Anil Kumar Sangha, 38, knocked on the doors of five elderly people in Hayes over 10 days in June, each time telling them he had lost his keys and needed money to pay for a locksmith.
Twice he succeeded, with the sympathetic homeowners handing over £23 and £35.
Police made Sangha their prime suspect and, after scrambling a helicopter on June 28 to locate him, following a report he was operating in Coronation Road, Hayes, he was picked up and arrested.
Sangha appeared at Uxbridge Magistrates’ Court on June 31 on five fraud counts, and was given bail.
Within hours of leaving the court, however, he was up to his old tricks, using the same story on an unsuspecting member of the public in Cobden Close, Uxbridge, who gave him £26.

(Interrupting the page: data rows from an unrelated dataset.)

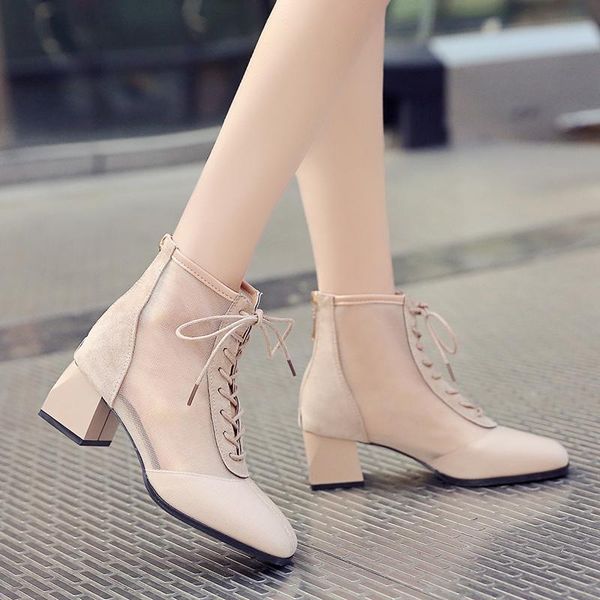 boots women lace up mesh shoes ankle booties summer back zipper botas mujer brand design botines female size 39, Black
boots women lace up mesh shoes ankle booties summer back zipper botas mujer brand design botines female size 39, Black
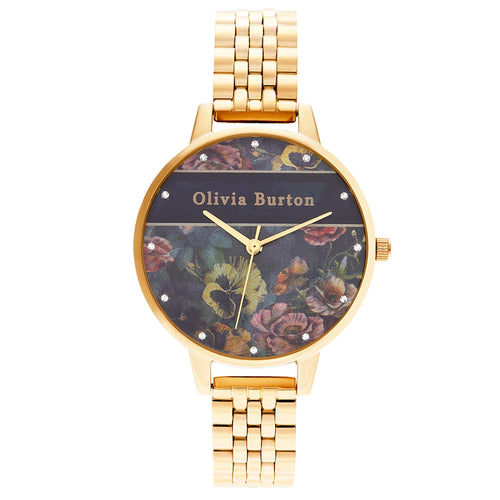 OLIVIA BURTON OB16VS01 Varsity Pale Gold & Black Women's Bracelet Watch Olivia Burton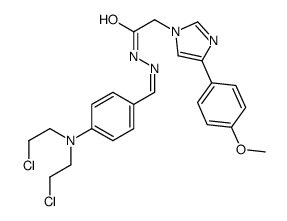 N-[(E)-[4-[bis(2-chloroethyl)amino]phenyl]methylideneamino]-2-[4-(4-methoxyphenyl)imidazol-1-yl]acetamide结构式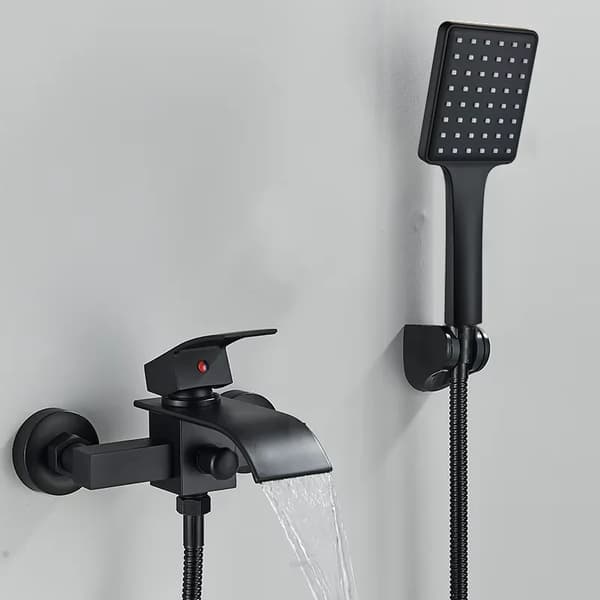 Badekararmatur, Væghængt, Moderne Design,Sort A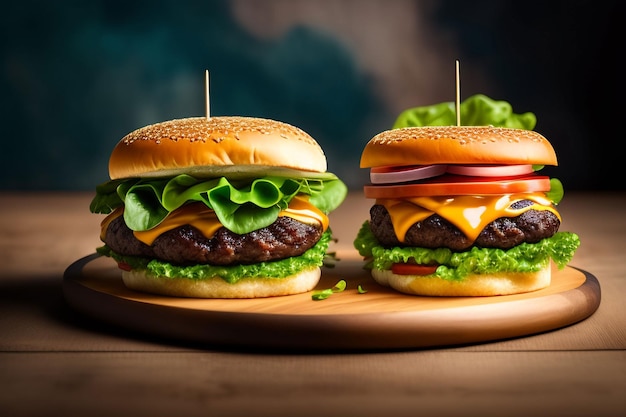 Two burgers on a wooden board with a blue background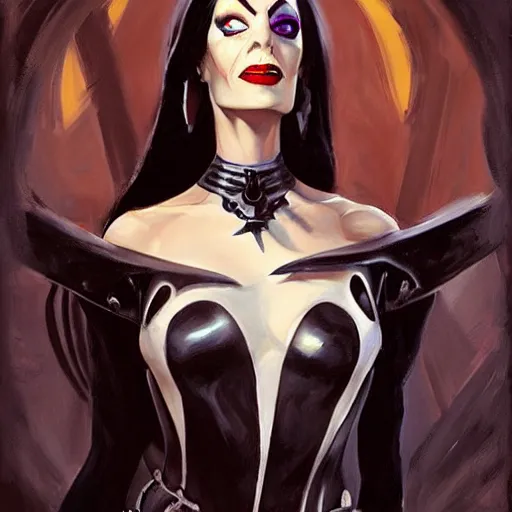 Image similar to greg manchess portrait painting of armored morticia from addams family as overwatch character, medium shot, asymmetrical, profile picture, organic painting, sunny day, matte painting, bold shapes, hard edges, street art, trending on artstation, by huang guangjian and gil elvgren and greg rutkowski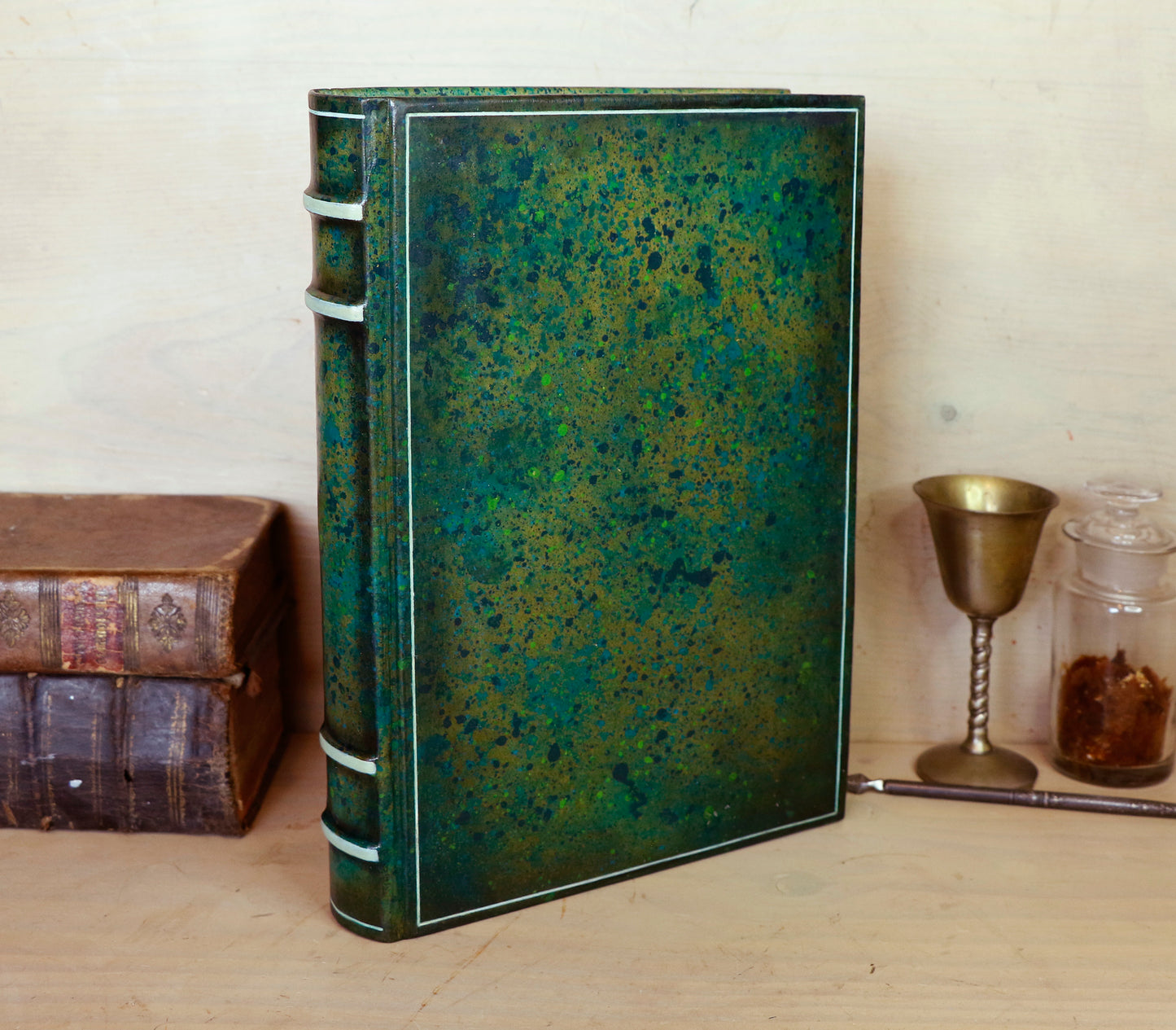 One of a kind green leather journal with handpainted decoration - A Garden in Bloom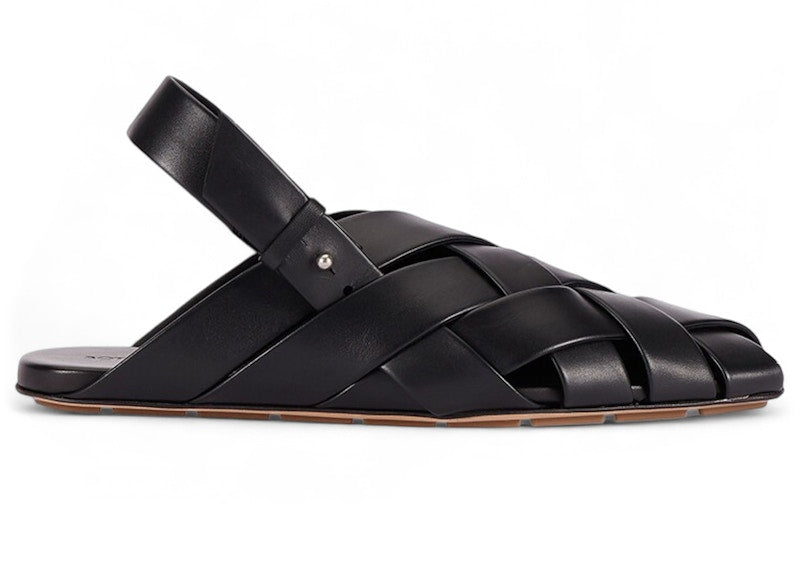 Bottega Veneta Alfie Intreccio Slipper Black Leather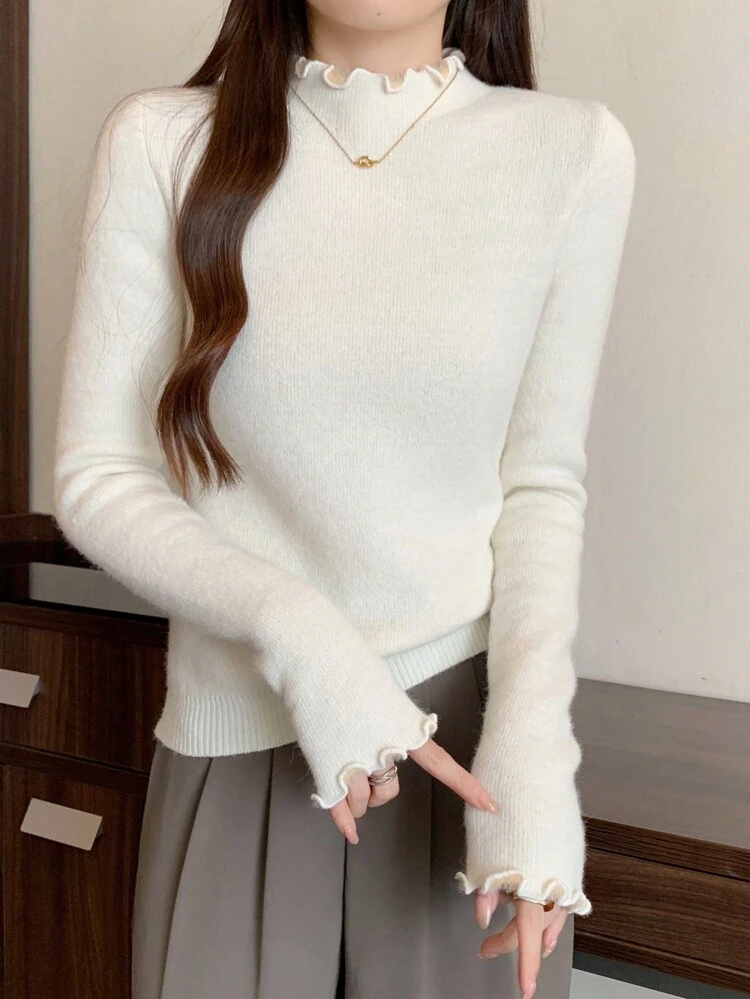 Women's Plain Round Neck Long Sleeve Thick Thermal Lined Sweater, Autumn Winter,Long Sleeve Tops,Fall Women Clothes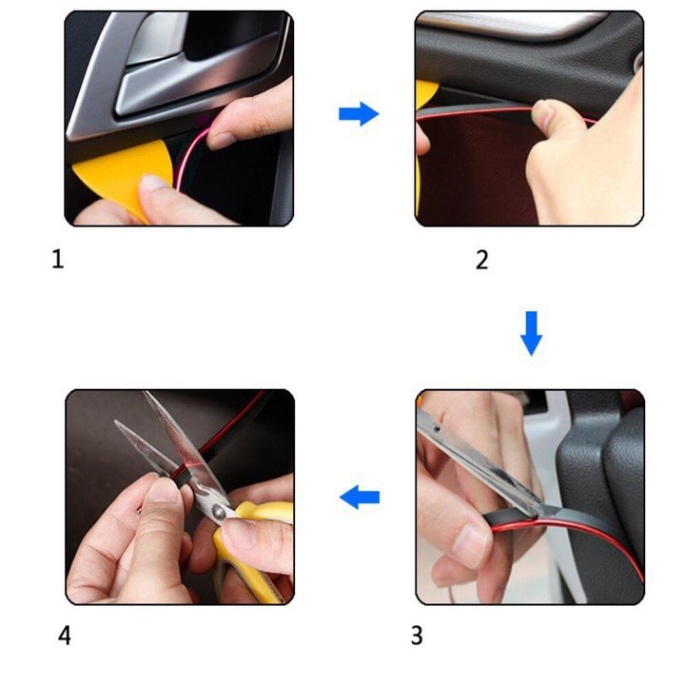 Nẹp Chỉ Viền Trang Trí Nội Thất Xe Hơi, Ô Tô Cao Cấp PHCV01 - 5 màu: Trắng, Đỏ, Vàng, Xanh,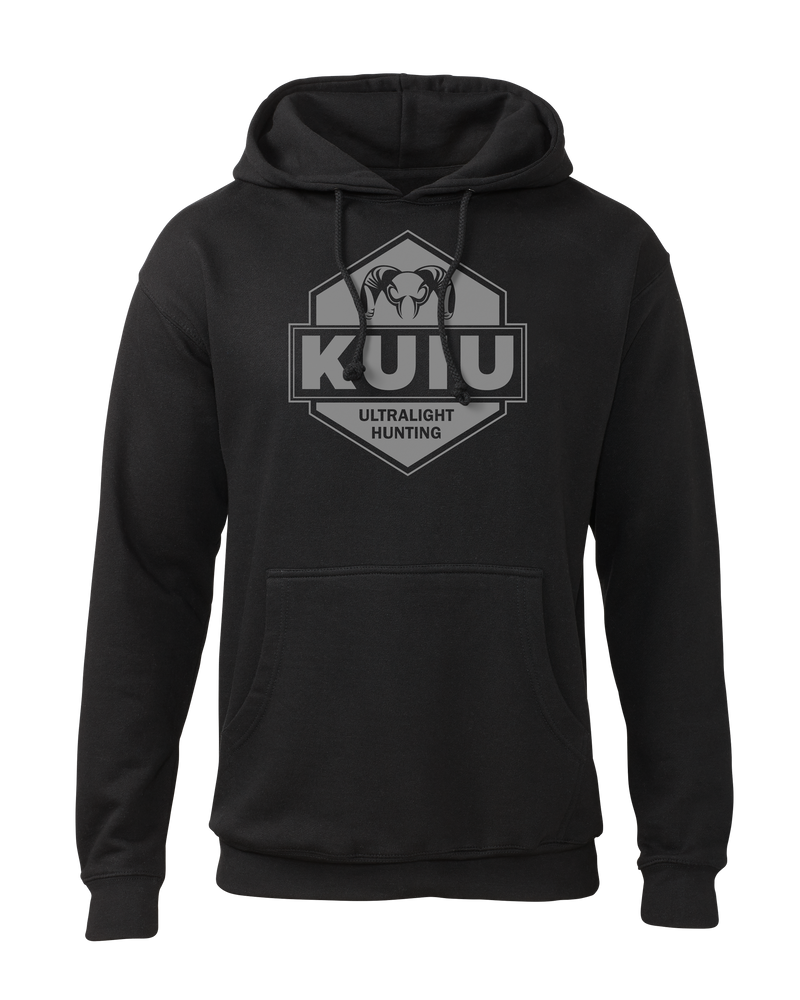 Front of KUIU Badge Hoodie in Black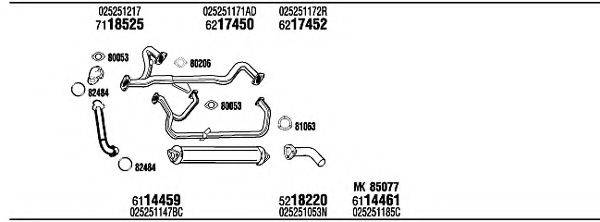 WALKER VW72284 Система випуску ОГ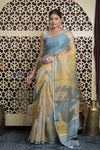 Shubh Lakshmi 2.0 ~ Handloom Pure Kora Linen Silk Saree with Floral Print in Ivory and Blue - verymuchindian.com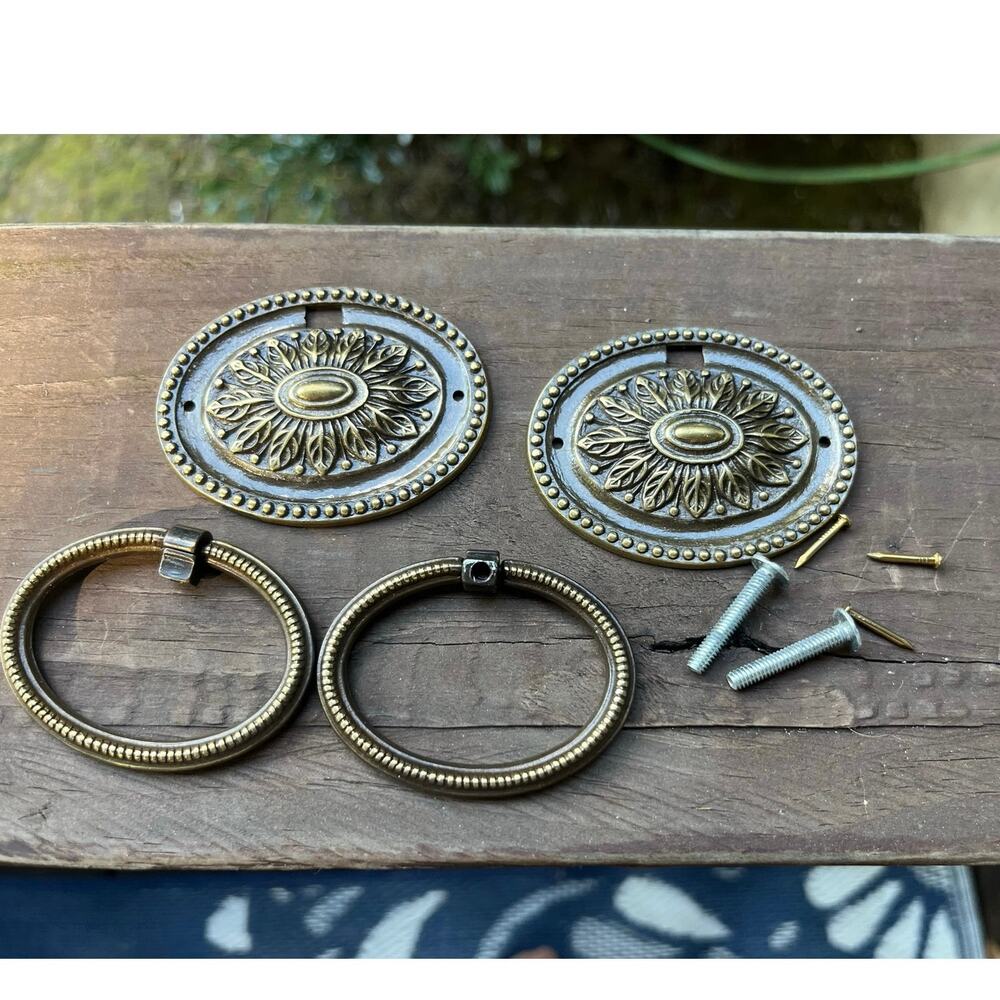 Set of 2 Vintage Ornate Round Ring Drawer Pulls Brass Tone Italy 3in Hardware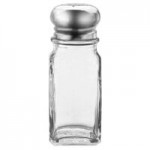 Vollrath 313-02 Traex® Dripcut® 3 oz. Polycarbonate Salt and Pepper Shaker with Red Plastic Top - 72/Case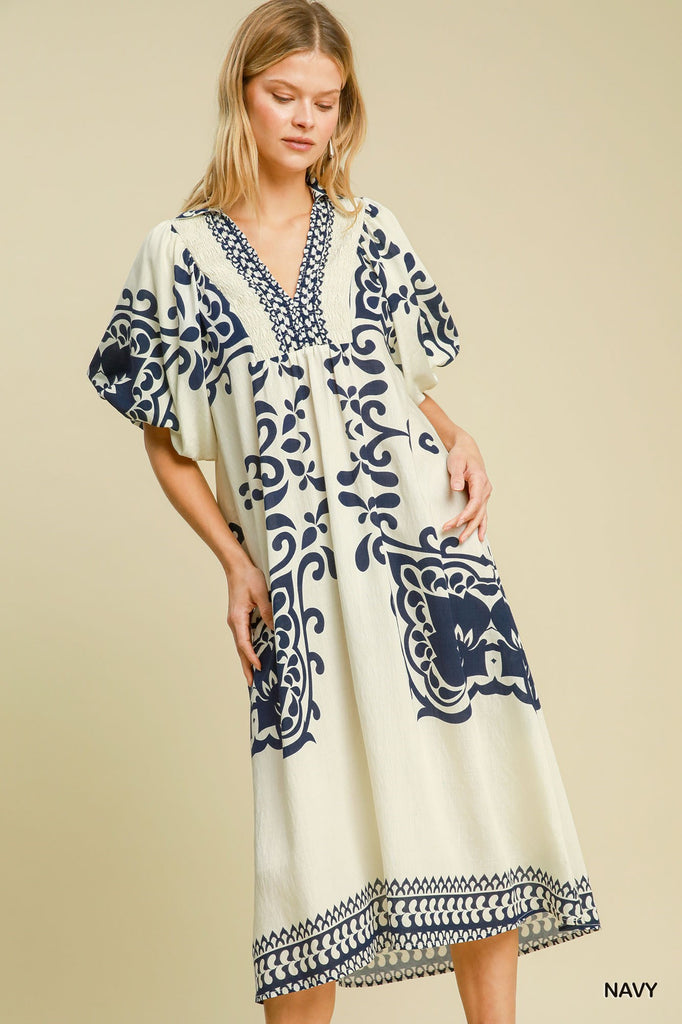 Navy Border Printed Dress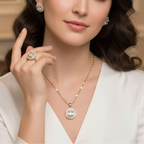 Set bijuterii lănțișor, cercei și inel placate cu aur 18k - Queen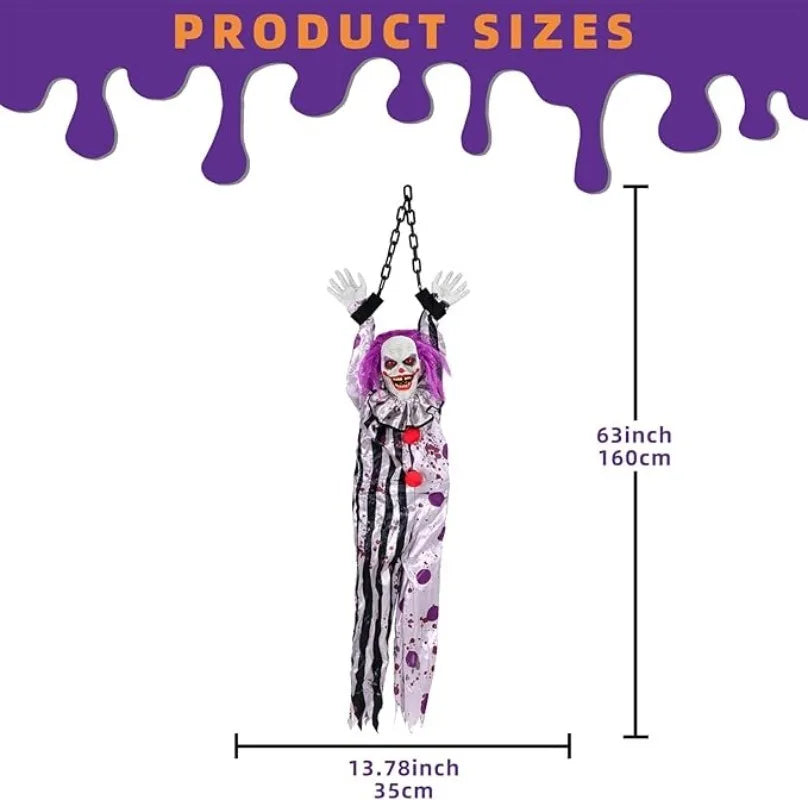 Pendu Clown Horreur à Chaînes Cheveux Violets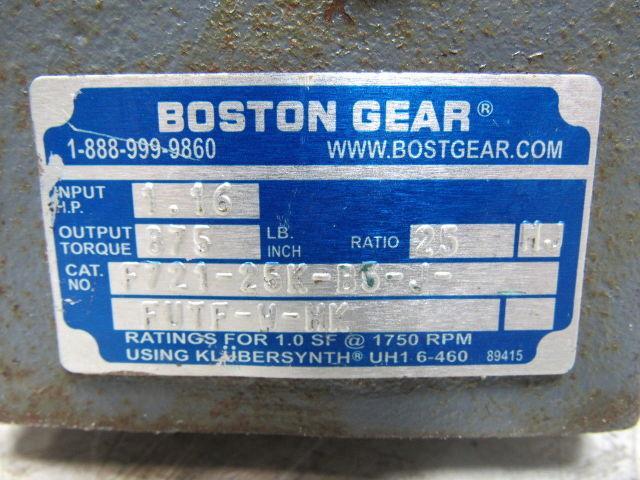 Boston Gear F721-25K-B5-J Right Angle Gearbox 25:1 Ratio W/Weg 1/2HP Motor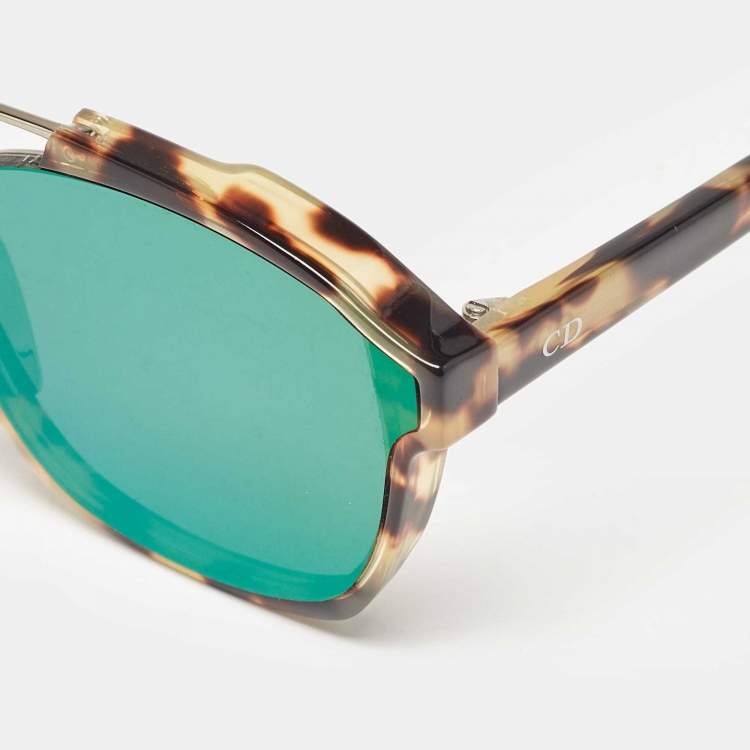 Pre Owned Dior Tortoise/Green Abstract Mirror Aviators Sunglasses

He then spotted a woman in her 70s loading shopping into the boot of her car and offered to help, before stealing her purse. He was rearrested soon after.
James O’Connell, prosecuting, told Isleworth Crown Court on Friday last week: “He explained to police that he was doing it to fund his entrenched heroin habit.
“He would take drugs first thing in the morning and have a drink, and then go out to commit these offences to pay for more.”
Sangha had been put on an Asbo at Ealing Magistrates’ Court in April, under which he was not permitted to approach anyone in the boroughs of Ealing, Hounslow, or Hammersmith and Fulham.
So he simply started running the scam again in Hillingdon.
John Kearney, defending Sangha, said: “This was an aggravated form of begging. He was playing on the charity of individuals, not breaking into homes or mugging people.
“When he is clear-headed, he is remorseful about breaking his victims’ trust, but his addiction is in control of him. The most aggravating feature is that he will not stop doing it.”
Passing sentence, Recorder Jones QC told Sangha: “You have an appalling record, and it is clear that there is a high risk that you will reoffend. This was persistent offending over several days, and some of your victims were vulnerable.”
Sangha, of no fixed address, admitted six charges of deception and one of theft before last week’s court appearance. He was sentenced to two months for each offence, to run consecutively.
Eighteen separate offences were taken into consideration.